Optimizing LLM Inference on Dedicated Hardware: MTP vs DFlash Comparison

Optimizing performance for Large Language Model (LLM) inference on self-hosted infrastructures is a critical challenge for CTOs and system architects. The ability to maximize throughput and reduce latency on dedicated hardware, such as a single GPU, directly impacts the Total Cost of Ownership (TCO) and the feasibility of on-premise deployments. In this context, speculative decoding techniques emerge as fundamental tools for accelerating token generation.

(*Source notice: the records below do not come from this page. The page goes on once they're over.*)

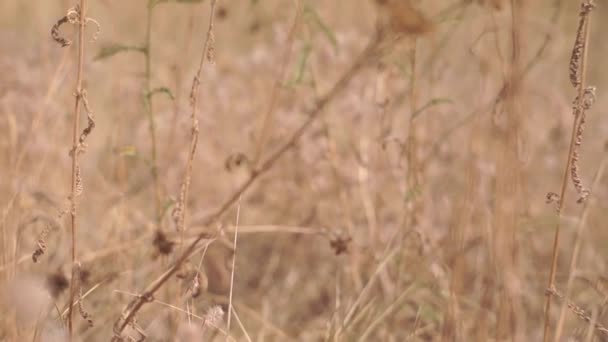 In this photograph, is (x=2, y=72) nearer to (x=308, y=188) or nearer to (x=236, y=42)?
(x=308, y=188)

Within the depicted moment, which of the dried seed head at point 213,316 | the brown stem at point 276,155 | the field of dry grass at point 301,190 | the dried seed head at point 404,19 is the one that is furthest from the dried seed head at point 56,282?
the dried seed head at point 404,19

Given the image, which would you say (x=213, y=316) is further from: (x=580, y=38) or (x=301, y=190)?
(x=301, y=190)

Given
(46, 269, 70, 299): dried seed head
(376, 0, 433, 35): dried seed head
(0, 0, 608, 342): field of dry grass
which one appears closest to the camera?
(376, 0, 433, 35): dried seed head

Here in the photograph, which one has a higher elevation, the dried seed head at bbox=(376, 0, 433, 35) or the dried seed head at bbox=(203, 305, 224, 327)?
the dried seed head at bbox=(376, 0, 433, 35)

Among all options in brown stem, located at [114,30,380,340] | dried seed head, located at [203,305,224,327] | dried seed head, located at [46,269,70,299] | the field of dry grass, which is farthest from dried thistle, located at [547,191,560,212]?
dried seed head, located at [46,269,70,299]

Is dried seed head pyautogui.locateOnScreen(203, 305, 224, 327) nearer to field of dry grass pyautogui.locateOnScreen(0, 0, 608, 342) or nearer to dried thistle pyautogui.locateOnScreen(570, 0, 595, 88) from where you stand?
field of dry grass pyautogui.locateOnScreen(0, 0, 608, 342)

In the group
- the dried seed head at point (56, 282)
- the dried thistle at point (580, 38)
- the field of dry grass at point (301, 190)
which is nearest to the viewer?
the dried thistle at point (580, 38)

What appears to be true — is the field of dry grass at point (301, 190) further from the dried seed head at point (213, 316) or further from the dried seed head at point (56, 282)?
the dried seed head at point (213, 316)

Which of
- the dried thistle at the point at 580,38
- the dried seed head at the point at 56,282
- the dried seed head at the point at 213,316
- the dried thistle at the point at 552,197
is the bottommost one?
the dried seed head at the point at 56,282

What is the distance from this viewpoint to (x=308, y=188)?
1923 mm

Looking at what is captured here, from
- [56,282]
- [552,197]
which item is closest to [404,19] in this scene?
[552,197]

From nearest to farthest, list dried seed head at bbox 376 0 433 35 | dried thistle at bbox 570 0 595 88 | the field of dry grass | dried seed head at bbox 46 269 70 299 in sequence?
dried seed head at bbox 376 0 433 35
dried thistle at bbox 570 0 595 88
dried seed head at bbox 46 269 70 299
the field of dry grass

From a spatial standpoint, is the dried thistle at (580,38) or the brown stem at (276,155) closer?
the brown stem at (276,155)

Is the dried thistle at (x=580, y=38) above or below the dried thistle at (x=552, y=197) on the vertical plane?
above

A recent benchmark compared two speculative decoding approaches, Google's Multi-Token Prediction (MTP) and z-lab's DFlash, applying them to Google's Gemma 4 models. The analysis focused on inference performance for both the dense and Mixture-of-Experts (MoE) versions of the models, using a single NVIDIA H100 80GB GPU. This type of study provides concrete data for those making informed decisions about LLM deployments in controlled environments with specific data sovereignty requirements.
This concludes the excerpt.